Given a planar graph, i. e. a graph $G=(V,E)$ with a map $p\colon V\to\mathbf{R}^2$ (could also be $\mathbf{R}^n$), we can imagine the edges being springs following Hooke's law. I write $\text{len}_p(e)$ for the length of $e:=\{v,v'\}$ under $p$, i. e. $\|p(v')-p(v)\|$. So for another planar map $p'\colon V\to\mathbf{R}^2$ we can compute the force on some vertex $v\in V$ as $$\sum_{v'\in V\colon (e:=\{v,v'\})\in E}(\text{len}_{p'}(e)-\text{len}_p(e))(p'(v')-p'(v))/\text{len}_{p'}(e)$$ (if I'm not mistaken).

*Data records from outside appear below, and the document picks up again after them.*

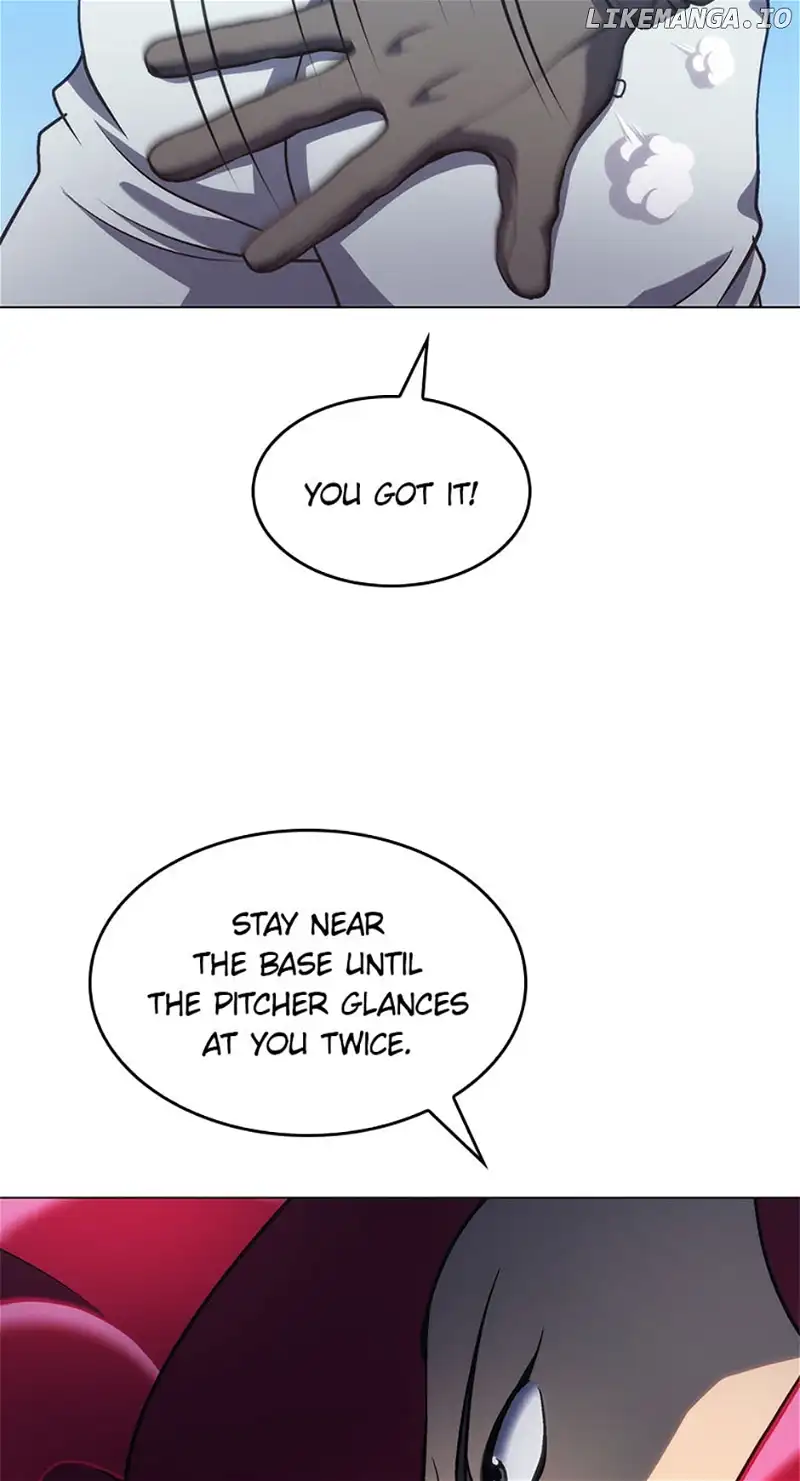 Home Plate Villain Chapter 27 - Page 50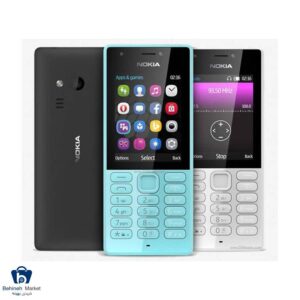 مشخصات، قیمت و خرید گوشی موبایل نوکیا مدل 216 FA دو سیم‌ کارت ظرفیت 16MB-16MB RAM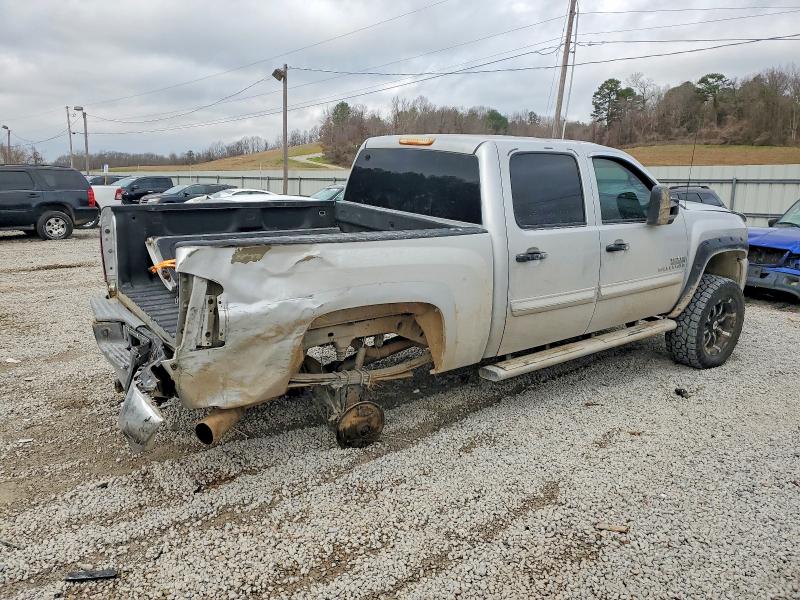 Photo 3 from auction – 2012 CHEVROLET SILVERADO with VIN 3GCPCSE07CG294023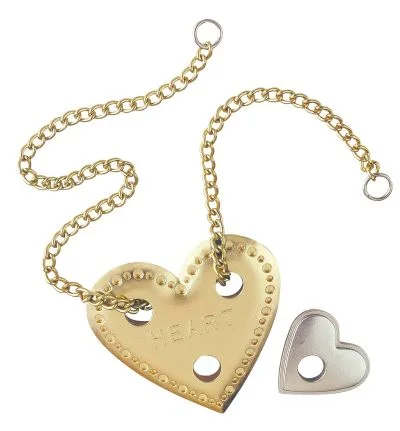 Hanayama Huzzle Cast Puzzle Heart ****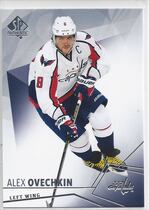 2015 SP Authentic #1 Alexander Ovechkin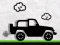 Jwèt Paper Monster Truck Race sou entènèt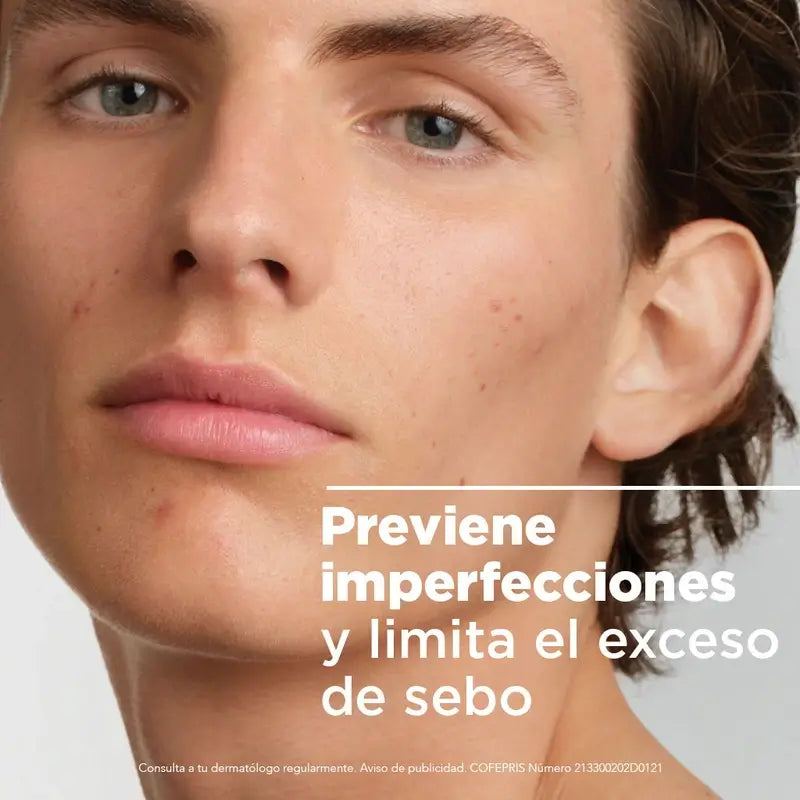 Bioderma Sébium Kerato+ Abdeckung, 30 ml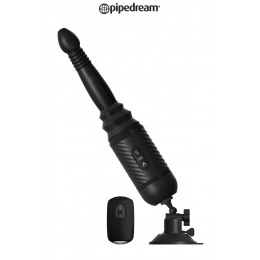 Pipedream 16351 Plug anal va-et-vient télécommandé Vibrating Ass Thruster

I did some simulations and realized that (obviously) for some planar graphs $(G,p)$, there are alternative planar maps $p'$ which are not congruent to $p'$ but still stable, i. e. all forces sum up to $0$. (Some of them are trivial in the sense that all springs retain their rest length, but there are non-trivial ones as well.) I was just curious if this has been studied in graph theory, or alternatively the question, given $k$ points in $\mathbf{R}^2$, what is the least amount of springs needed to turn the configuration into a stable graph as defined above?